A STORY OF FASHION IN FILM
Kasuni Rathnasuriya, Dimon John and Charitha Attalage
How can the genre of film accentuate the nuances of fashion? The visuality of fashion is heightened by film as it allows for the depiction of a story, highlighting the artistic scope of a designer collection. KÛR by Kasuni Rathnasuriya for its recent SS2019 Collection developed a fashion film, ‘Handmade’ to present its innate relationship with Sri Lanka. Directed by Dimon John with music composed by professional Charitha Attalage, this fashion film beautifully captures the narrative of KÛR through inventive presentations of surrealism and abstract storytelling.

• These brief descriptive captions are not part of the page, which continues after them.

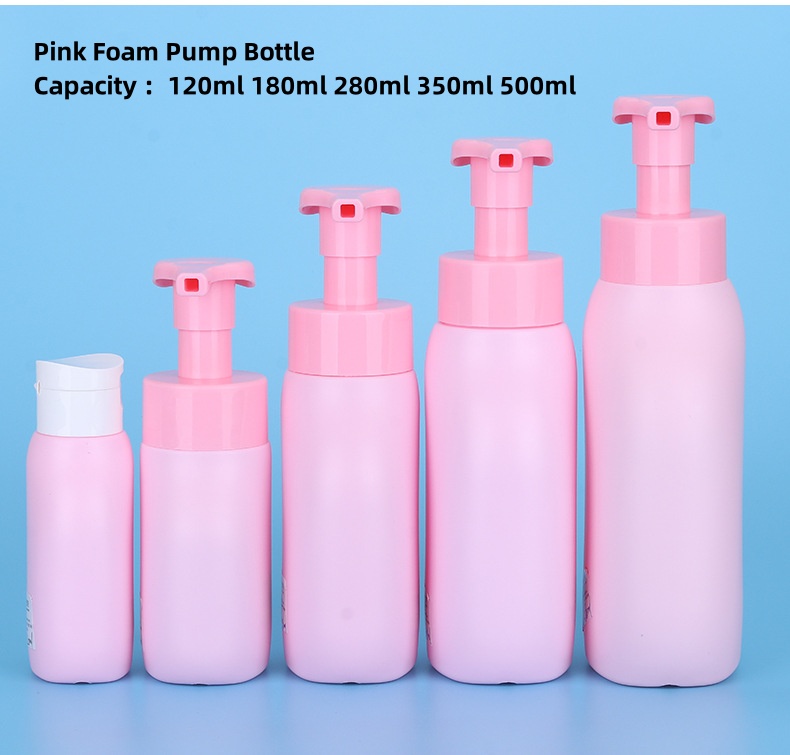 Empty Frosted Foam Bottle Pink 120ml 150ml 180ml 200ml 280ml 350ml 500ml Cosmetics Lash Foaming Pump Bottle Car Mousse Dispenser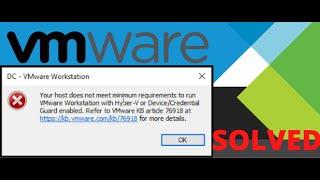 VmWare - Your host does not meet minimum requirements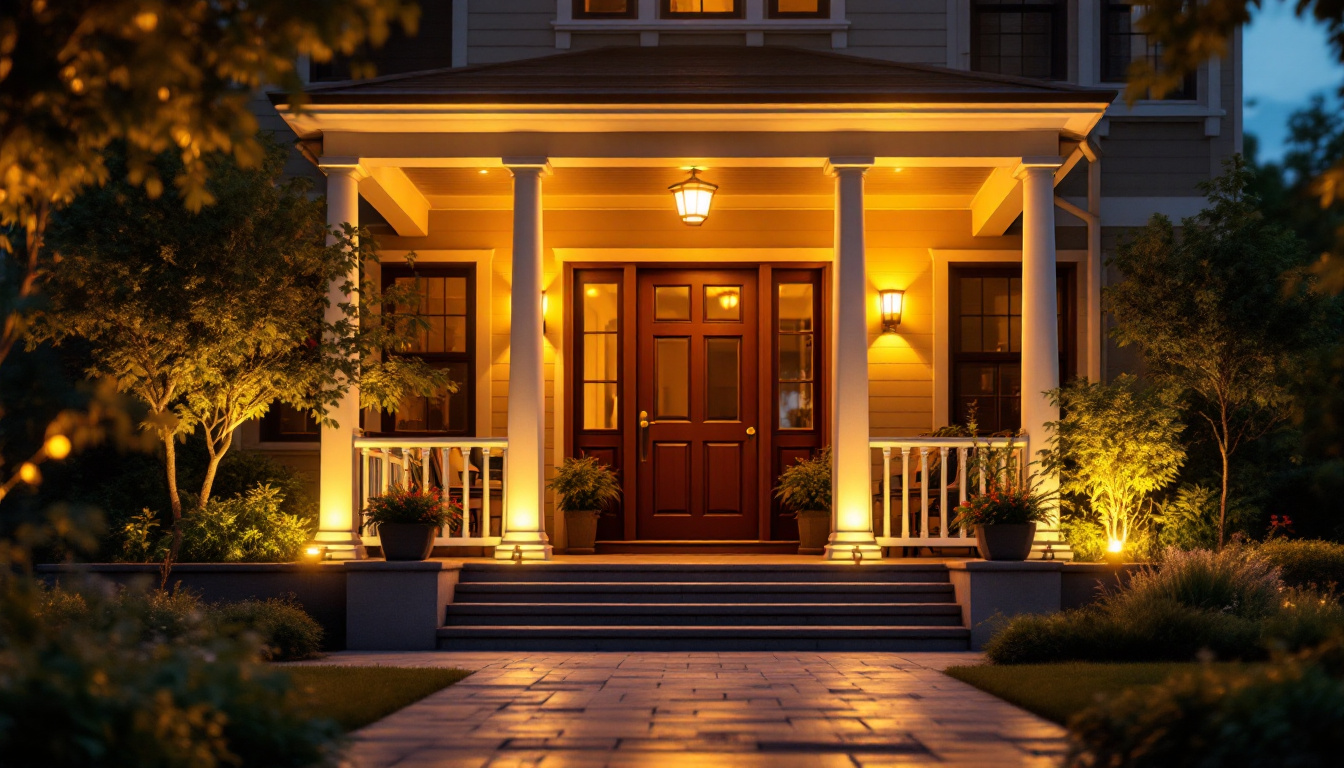 A photograph of a beautifully lit porch showcasing a variety of energy-efficient lighting options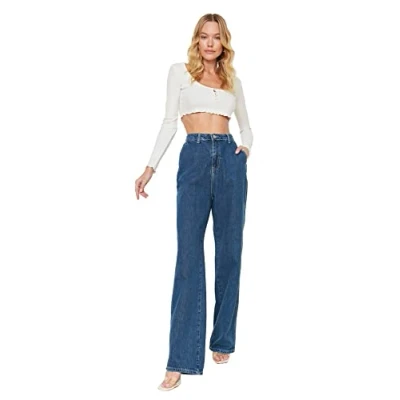 Abbildung von Trendyol Women&#039;s Herren Hoher Bund Weites Bein der 90er Jeans, Navy Blue, 38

KÛR was launched in Sri Lanka in 2009 after Kasuni graduated with a degree in Fashion Design from Academy of Design. In 2010 she won the award of British Council Young fashion Entrepreneur- 2011. Her showcase at HSBC Colombo Fashion Week in 2010 followed by international showcases in the UK, USA and Australia paved way for Kasuni to enhance her authentic designer wear inspired by her Sri Lankan roots. The SS2015 Collection was a part of the RAW Artists show in New York, while the SS2016 Collection was unveiled at the Sunshine Coast Fashion Festival (SCFF), Queensland, Australia. Since 2016, KÛR showcases at the prestigious New York Fashion Week (NYFW). KÛR is based in New York City now and Kasuni believes that the city’s diversity has helped the story of the brand gain more resonance with people.
The two other artists involved is the creation of ‘Handmade’ are Dimon John and Charitha Attalage. Dimon John is a film director and a screenwriter who began his career as a graphic designer and is now an independent assistant director. His debut short film ‘Waves Interrupted’ (2018) was acclaimed at both local and international film festivals. Charitha Attalage is a French-born Sri Lankan music producer who is currently based in Los Angeles and is a trained classical Tabla player. For the last 10 years, he has worked as a composer, recording artist, music producer, lyricist and audio engineer.

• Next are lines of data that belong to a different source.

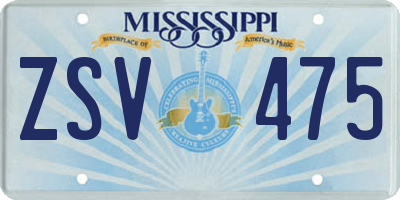 MS license plate ZSV475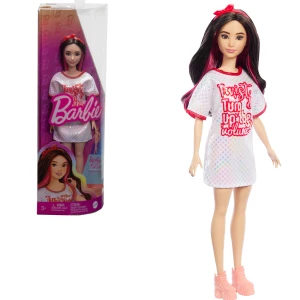Păpușa Barbie &quot;Fashionista cu păr negru ondulat cu rochie Twist &apos;n&apos; Turn&quot;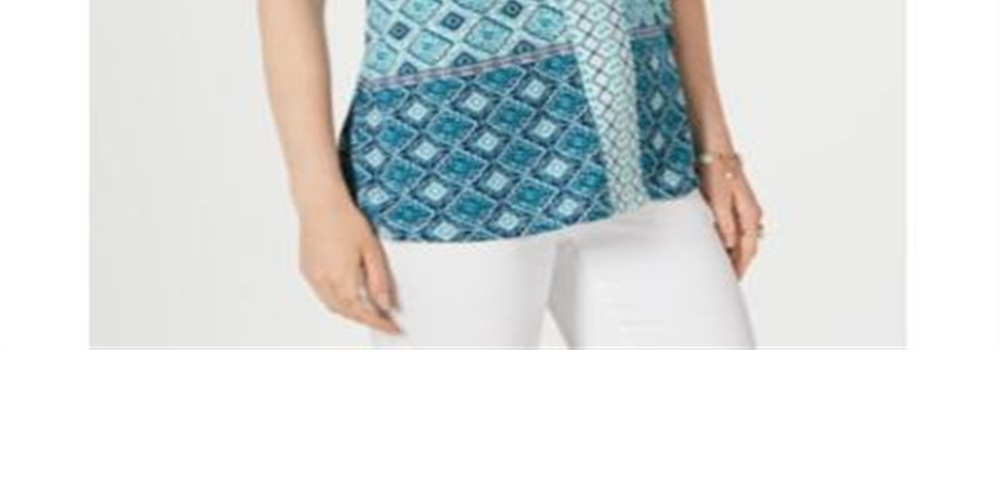 Style & Co Women's Tassel Printed Sleeveless Tank Top Blue Size X-Large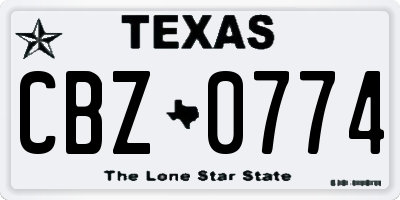 TX license plate CBZ0774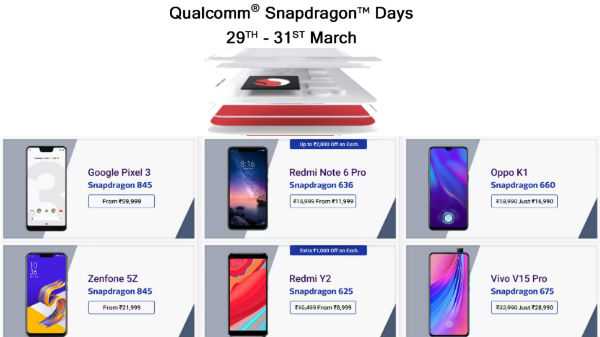 Flipkart Qualcomm Snapdragon Days Obtenga descuentos en Zenfone 5Z, Pixel 3, Nokia 8.1 Plus y más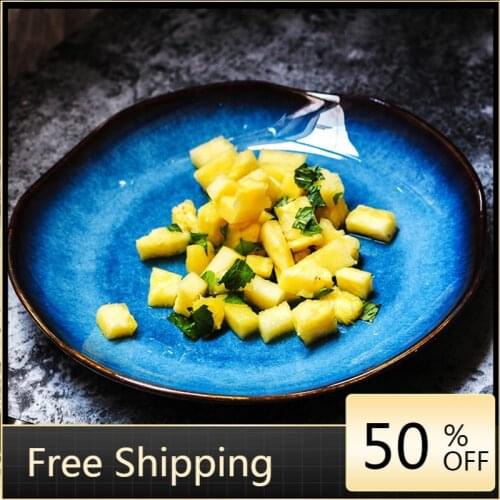 Flat Blue Flower Dinner Plates European Style Fruit Tray Breakfast Food Salad Dessert Pasta Plate Microwave Platos Home HX50DP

The film ‘Handmade’ begins in a typical Sri Lankan colonial house, with an elderly, adept lady weaving lace using traditional weaving equipment. The mannequin comes alive, as the garment is designed, incorporated with other material and finally put together. As the newly born young woman discovers nature and its numerous enchantments, the lace gives her character, beauty and a sublime sensitivity captured in the film with clever use of lighting, colours and music. Kasuni, along with her co-creators Dimon and Charitha engaged in conversation with ARTRA, about how the film captured the identity of KÛR while telling the story of lace weaving in Sri Lanka at New York Fashion Week.

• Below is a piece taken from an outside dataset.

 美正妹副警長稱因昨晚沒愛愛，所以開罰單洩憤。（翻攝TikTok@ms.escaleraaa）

Q | What is the story of KÛR?
Kasuni | KÛR is a contemporary women’s wear line which incorporates handmade lace into contemporary fashion defining authenticity as luxury by revitalizing an age old dying craft from Sri Lanka. Our handmade craft with fine detailing is designed for the contemporary woman with an aspiration for a hallmark product seeking serenity and freedom.
Q | What is the relationship you personally see between fabric and film?
Kasuni | Lace weaving is the climax of this film. We wanted to share the story through a fantasy realm, and represent the timelessness and finesse of this craft in contemporary fashion. As the lifeless doll comes alive in KÛR’s creation, she becomes a time traveller who experiences real life in her journey. It shows that she can represent herself boldly to the world. The second character represents another community and shares the story of diversity. The lace craftsmanship and the finest fabric represent throughout the story in a seamless stand point.
Q | What motivated you to be a part of a fashion film, and what was the unique proposition that it offered to you as visual/performance professionals? Dimon | I have always been interested in fashion and textile, and it pleased me to experiment with unconventional and abstract storytelling methods using fashion as its core. KÛR uses old handmade beeralu lace craft as the basis of the brand’s contemporary designs. So I developed a fantasy story that’s happening in a surreal world far away, quite like folklore, that could capture the idea.
Charitha | I thoroughly enjoyed being a part of this fashion film as it provided me with a novel context. To ensure that music translates the varying stages of this fashion film, I composed music in three different phases; Phase one starts with a disturbed tenderness in the music arrangement depicting the troubled yet enduring sentimentality of women. Thereafter, phase two is a change of sound expressing newness. The mood is maintained to build upon how new life (art) is born with hopes to explore in order to identify its place in nature (in the market). Phase three is all about survival. Music was created to give a Neoclassical feeling to the audience not aiming comfort but a stubbornness of attitude towards entering a new door along one’s roots aligned.